Expertisen aus neun Leibniz-Instituten vereinigen sich in einem Chip
Sensorplattform soll akute, anfallartige Verschlimmerungen chronisch-entzündlicher Atemwegserkrankungen vorhersagen
Neun Leibniz-Institute arbeiten gemeinsam im Pilotprojekt „EXASENS“ an der Erforschung einer Point-of-Care-Technologie zur Vorhersage und Diagnose von chronisch-entzündlichen Atemwegserkrankungen. Der Verbund wird vom Bundesministerium für Bildung und Forschung (BMBF) mit 6,25 Millionen Euro gefördert und liefert einen Beitrag zum Ausbau und zur Stärkung des Themenfeldes Gesundheitstechnologien.
In den kommenden drei Jahren werden Wissenschaftlerinnen und Wissenschaftler verschiedener Fachrichtungen aus neun Leibniz-Instituten an einem Vor-Ort-Diagnostik-System zur Vorhersage und Diagnostik der chronisch-entzündlichen Atemwegserkrankungen Asthma und chronisch obstruktive Lungenerkrankung (COPD) forschen. Über 10% der deutschen Bevölkerung leiden an diesen Erkrankungen, wodurch sie sowohl volkswirtschaftlich als auch gesundheitspolitisch eine immense Bedeutung besitzen. Klinisch hochrelevant und von besonderer Brisanz für die Patienten sind akute, anfallartige Verschlimmerungen (Exazerbationen) dieser Erkrankungen, die zu lebensbedrohlichen Komplikationen führen können. Ein exaktes Monitoring des Krankheitszustandes und eine frühzeitige Diagnostik sich anbahnender Exazerbationen ist essentiell für eine verbesserte Lebensqualität und die optimale Behandlung des Patienten. Herkömmliche Verfahren basieren auf Lungenfunktionstests und der subjektiven Einschätzung durch einen erfahrenen Arzt. Die so gewonnenen Ergebnisse sind jedoch nicht spezifisch genug, um die Ursache der Exazerbation zu diagnostizieren, Vorhersagen zu treffen und frühzeitig individuell abgestimmte Therapiemaßnahmen einzuleiten.
Das Projekt „EXASENS“ soll diese diagnostische Lücke schließen.
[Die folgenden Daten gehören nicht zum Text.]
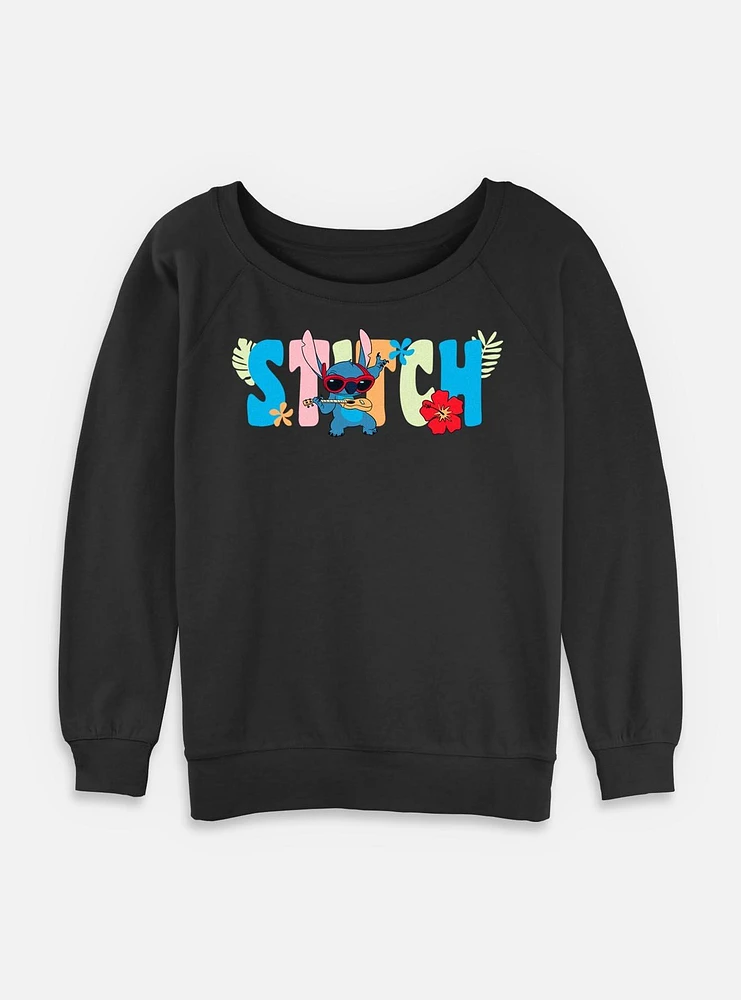 Disney Lilo & Stitch Tropic Shades Name Womens Slouchy Sweatshirt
Dazu werden zunächst potentielle Auslöser von Exazerbationen, wie zum Beispiel Bakterien, Viren, Pilzsporen oder auch Stäube, mit optoelektronischen und photonischen Messverfahren charakterisiert und spezifische Indikatoren definiert, welche eine zuverlässige Vorhersage von Exazerbationen erlauben. Parallel dazu wird eine modular aufgebaute Kartusche entwickelt, in der alle erforderlichen Schritte zur Aufbereitung und Analyse von Patientenproben durchgeführt werden können. Die Wissenschaftler legen dabei den Fokus auf Lab-on-a-Chip-Technologien. Durch die Kombination mehrerer Cent-Stück-großer Chips mit unterschiedlicher Funktionalität entsteht eine Messplattform, die dem Nutzer innerhalb kurzer Zeit krankheitsspezifische Informationen liefern wird. Die komplexen Abläufe der Analyse z.B. von Speichelproben werden in einem intuitiv zu bedienenden Gerät integriert, das in der Arztpraxis oder zu Hause anwendbar ist. Mediziner können so eine Verschlimmerung im Krankheitsverlauf frühzeitig und ursachenspezifisch erkennen und individuelle Therapiemaßnahmen einleiten.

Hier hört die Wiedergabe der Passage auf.